Why Hire A Illinois Workers' Comp Lawyer?
The outcome of a workmans' comp claim is significant for the worker and his family. Because the outcome is so significant, hiring an Illinois workers' compensation lawyer is a very smart idea. A work compensation attorney will be familiar with the Illinois process for filing workers' comp claims, can help you formulate a strategy for your case, discuss your options for compensation, and will be able to argue effectively in front of the Illinois Workers' Compensation Commission.
Seriously think about employing counsel who has experience with workers' compensation law and can help you understand the legal implications of your situation and advise you on your future course of action.
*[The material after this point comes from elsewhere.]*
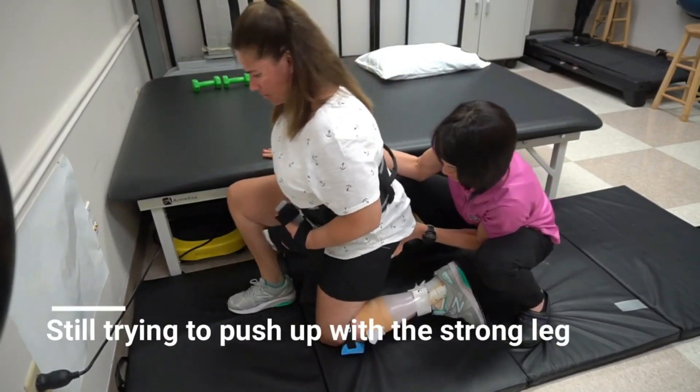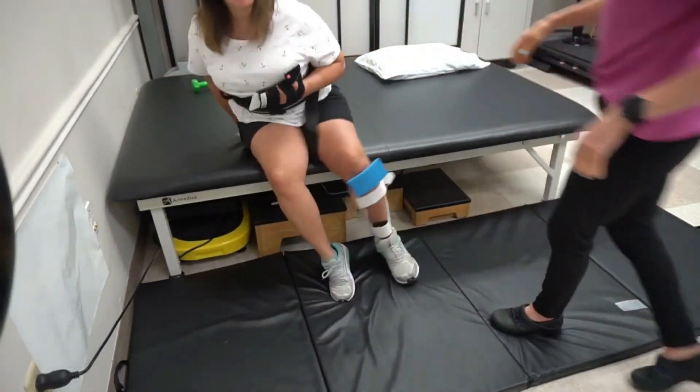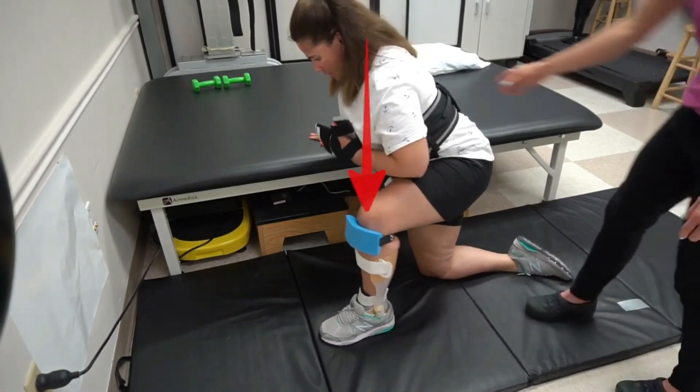To get back up, she's a perfect example of how it's a little bit different for everyone. We tried bringing her uninvolved leg forward — her stronger leg — so she could use that strong side of her body to push herself up. But her involved leg was not comfortable staying back in that position and accepting all of her weight. So she actually had a much easier time bringing her involved leg forward and just using that strong side to push herself up and get back onto the mat. If you were working with me in therapy, we would probably try it both ways.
You should hire an Illinois workers comp attorney especially if there was a third party involved in your injury, or if your employer is uninsured or underinsured.
Illinois Workers' Compensation Code
Illinois Compiled Statutes:
- Employers Subject To Workers' Compensation
- Labor and Employment, 820 ILCS 305, § 1, 4.
- Covered Employees
- Labor and Employment, 820 ILCS 305, § 1, 2.
- Labor and Employment, 820 ILCS 305, § 4(a).
- Claims Procedure
- Labor and Employment, 820 ILCS 305, §§ 1, 2.